DIRECTIONS
The listing, minus its pictures, is to be given again exactly.

SOURCE DATA START

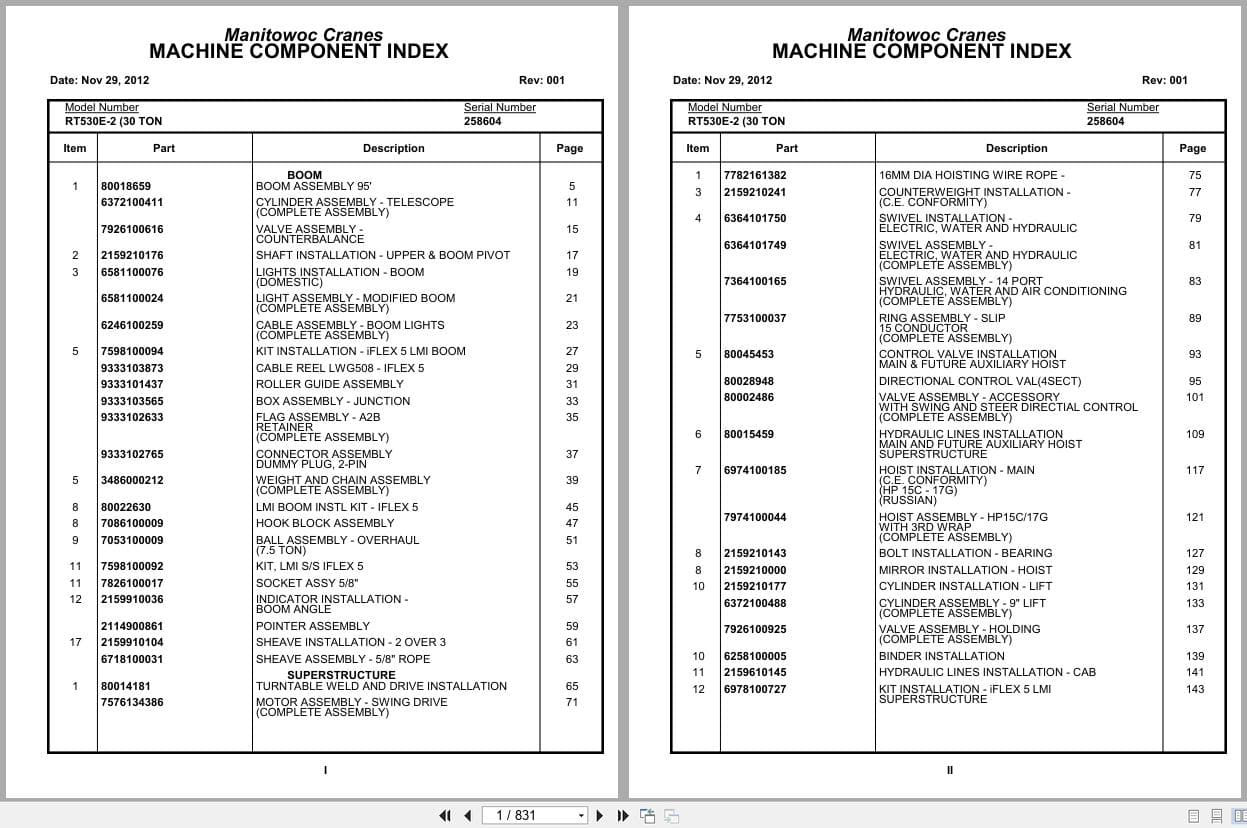 Grove Crane RT530E 2 258604 Parts Manual 2012 (1)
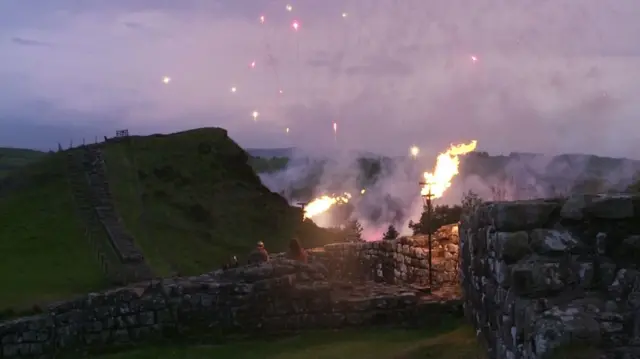 Beacons and fireworks above Hadrian's Wall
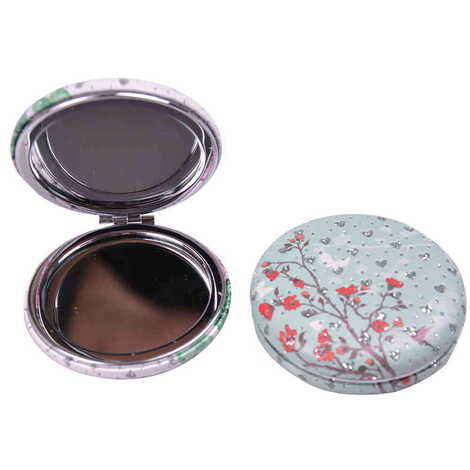 Flower Themed Custom Printed Round Curved Pocket Mirror - 6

SOURCE DATA END

RESULT OF THE EXERCISE
 Grove Crane RT530E 2 258604 Parts Manual 2012 (1)
 Beacons and fireworks above Hadrian's Wall
 Flower Themed Custom Printed Round Curved Pocket Mirror - 6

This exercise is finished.